Work instruction:
For the material below, reproduce exactly each line from the one that has "Jouet pistolet à" through the one that has "Moynat M Tote", and no others; pictures stay out.

Data supplied:
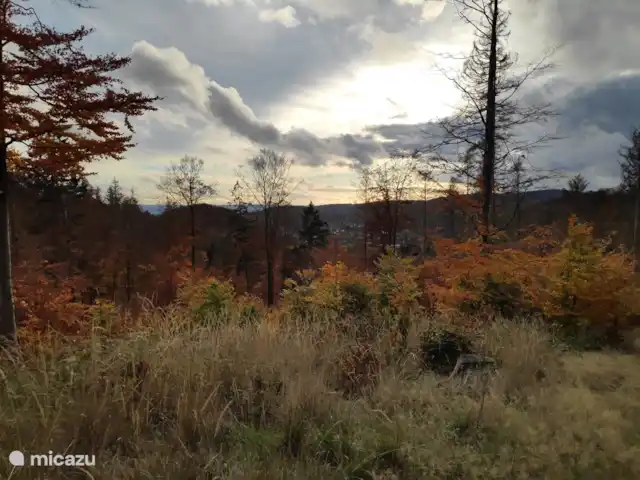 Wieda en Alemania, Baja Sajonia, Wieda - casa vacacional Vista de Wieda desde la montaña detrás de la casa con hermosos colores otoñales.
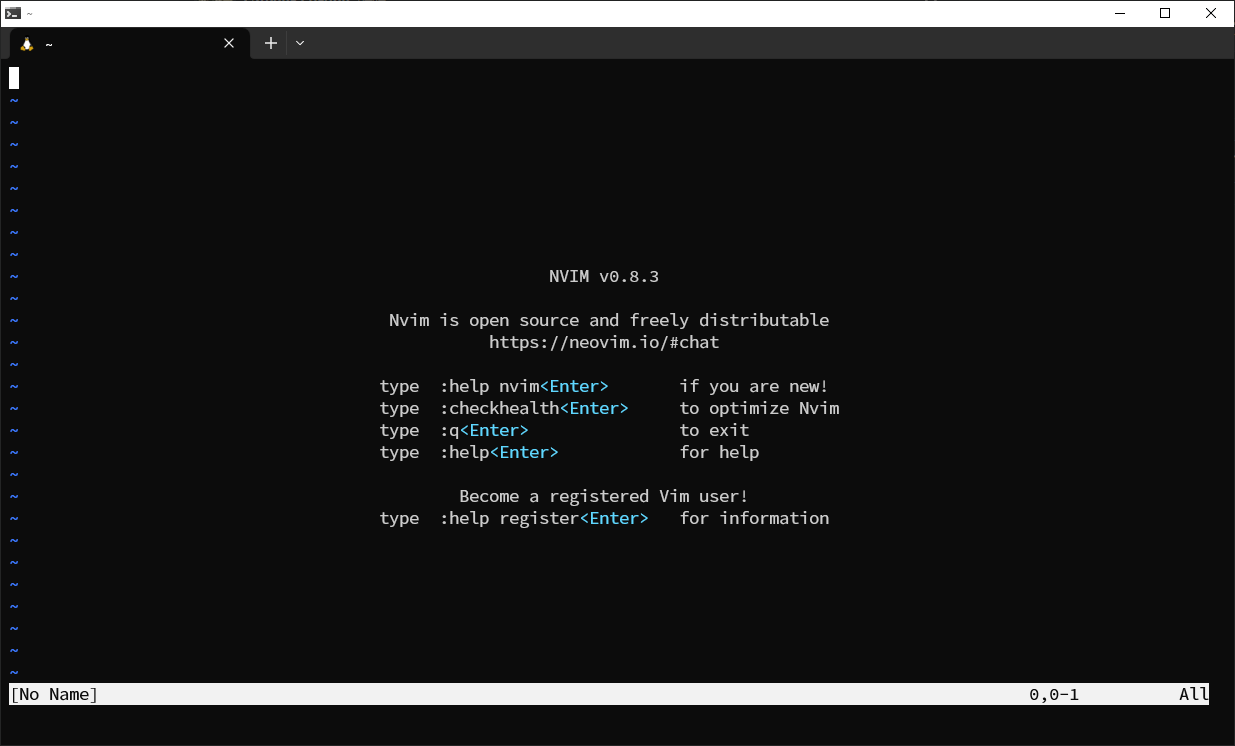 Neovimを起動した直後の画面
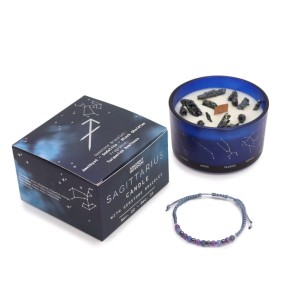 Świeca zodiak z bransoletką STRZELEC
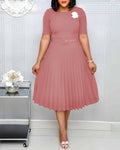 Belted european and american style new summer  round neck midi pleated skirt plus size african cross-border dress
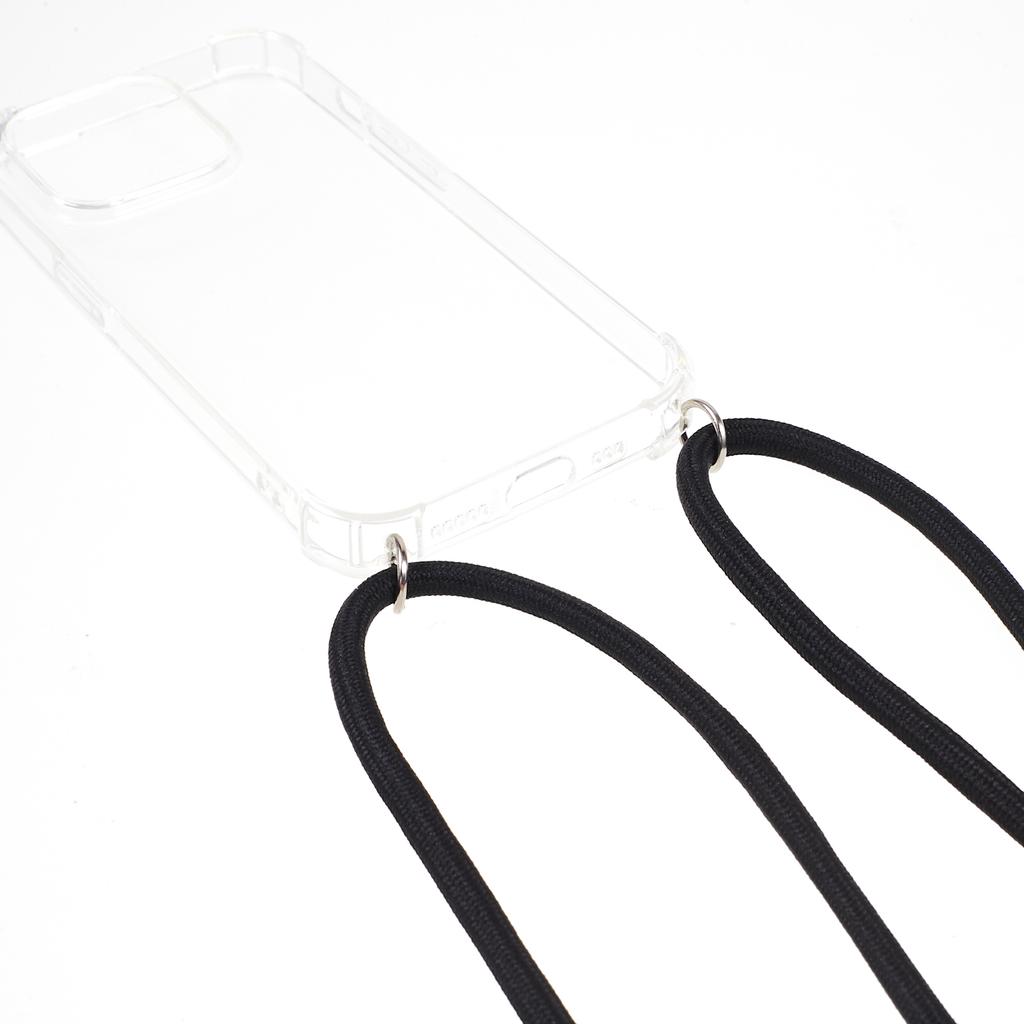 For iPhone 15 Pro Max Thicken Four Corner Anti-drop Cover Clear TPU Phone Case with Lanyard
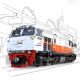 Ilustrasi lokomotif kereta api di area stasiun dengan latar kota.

==

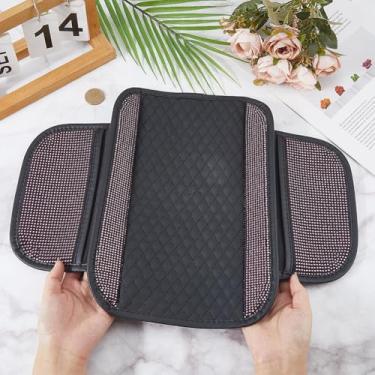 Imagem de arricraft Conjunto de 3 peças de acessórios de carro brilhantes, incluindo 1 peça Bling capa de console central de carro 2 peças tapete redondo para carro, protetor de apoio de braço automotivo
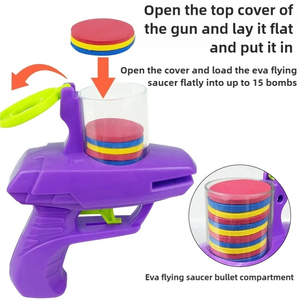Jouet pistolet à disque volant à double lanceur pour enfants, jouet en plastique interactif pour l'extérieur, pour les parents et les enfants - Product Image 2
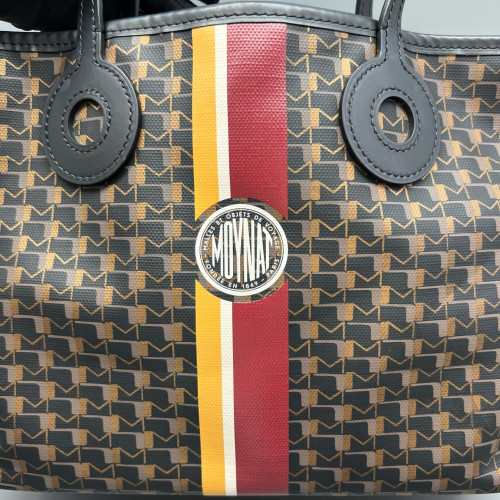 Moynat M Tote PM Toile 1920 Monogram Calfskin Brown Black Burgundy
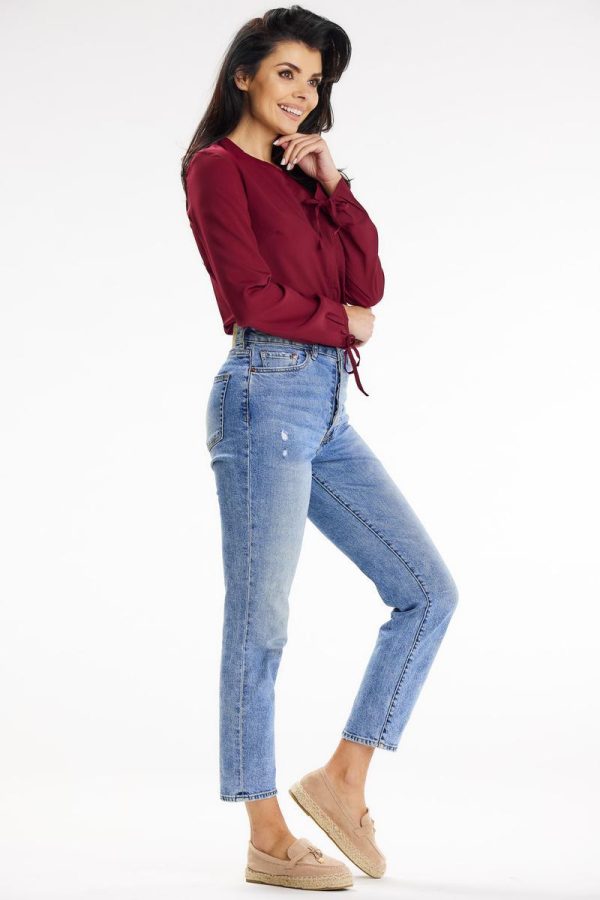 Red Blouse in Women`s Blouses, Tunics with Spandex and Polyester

Task answer:
Jouet pistolet à disque volant à double lanceur pour enfants, jouet en plastique interactif pour l'extérieur, pour les parents et les enfants - Product Image 2
 Moynat M Tote PM Toile 1920 Monogram Calfskin Brown Black Burgundy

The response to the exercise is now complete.